What the task asks
Pictures must be left out. Print the lines from the beginning of the material through the line holding "779 Dogwood Dr, Erin, TN", exactly and nothing else.

Records shown: Begin

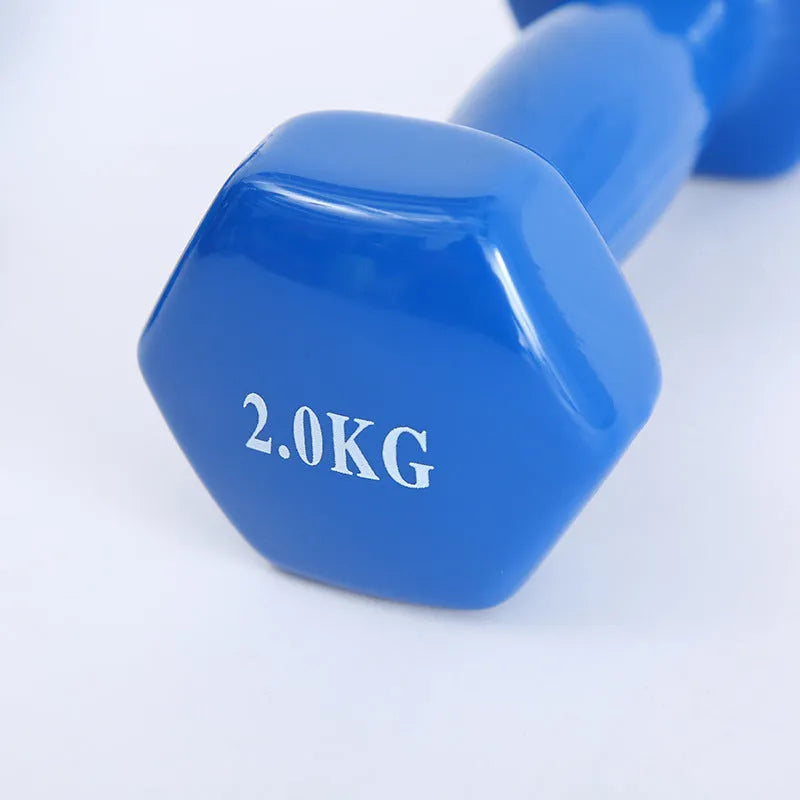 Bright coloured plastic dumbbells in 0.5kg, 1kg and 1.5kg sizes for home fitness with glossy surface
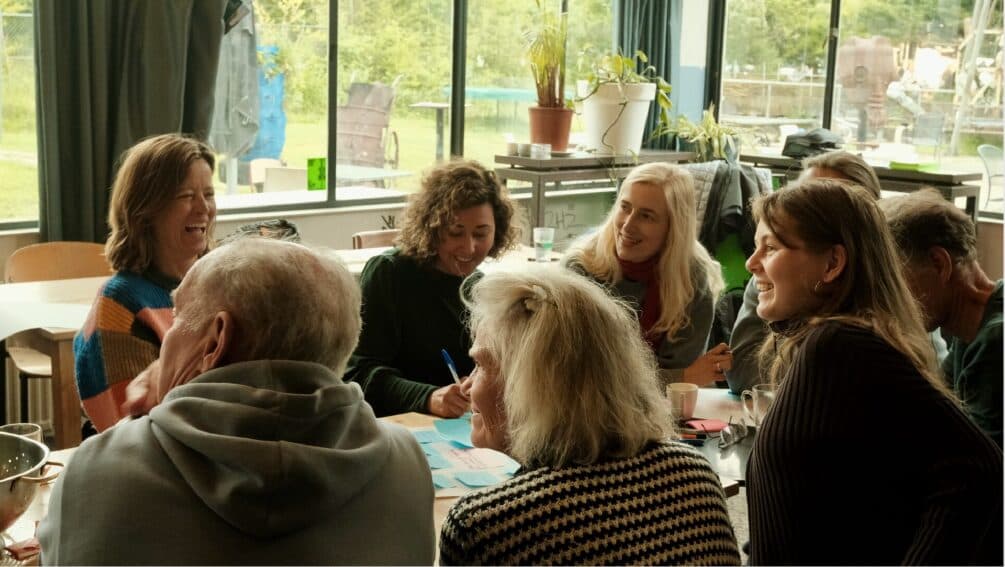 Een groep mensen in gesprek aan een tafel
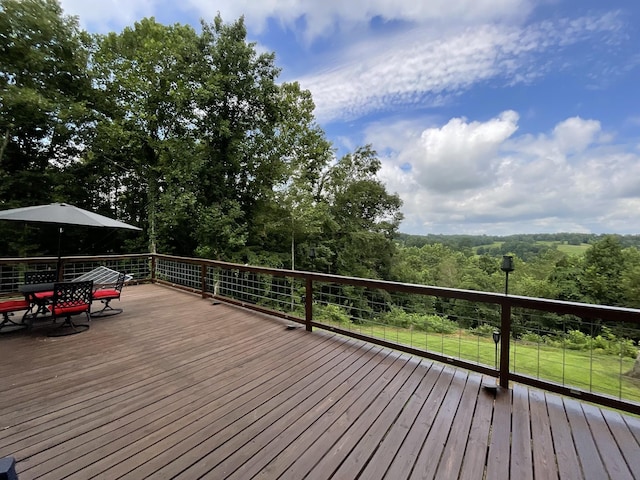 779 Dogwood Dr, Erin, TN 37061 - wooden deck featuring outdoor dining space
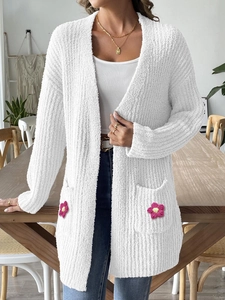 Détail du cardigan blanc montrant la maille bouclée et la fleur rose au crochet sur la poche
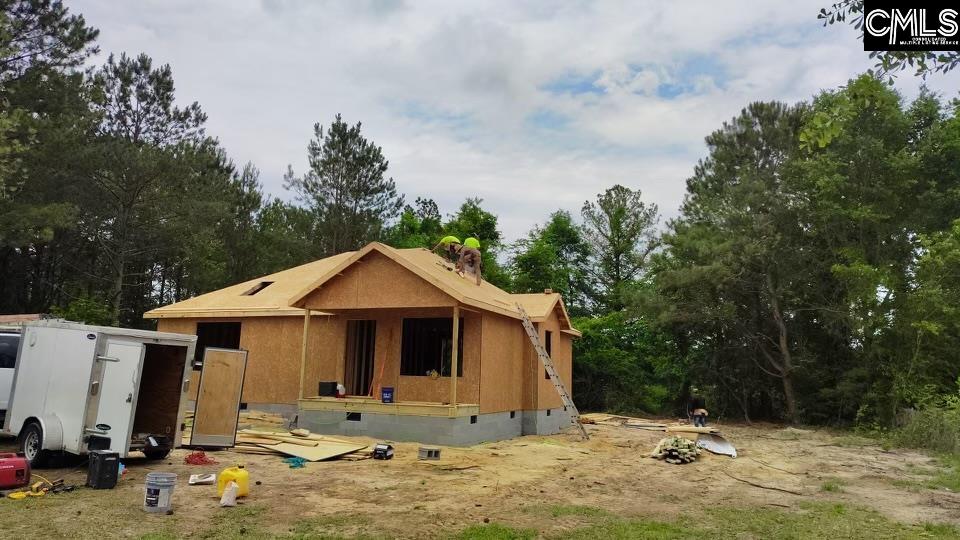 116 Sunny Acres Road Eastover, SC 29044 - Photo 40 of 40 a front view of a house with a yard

Records shown: End

Answer section
 Bright coloured plastic dumbbells in 0.5kg, 1kg and 1.5kg sizes for home fitness with glossy surface
 Een groep mensen in gesprek aan een tafel
 779 Dogwood Dr, Erin, TN 37061 - wooden deck featuring outdoor dining space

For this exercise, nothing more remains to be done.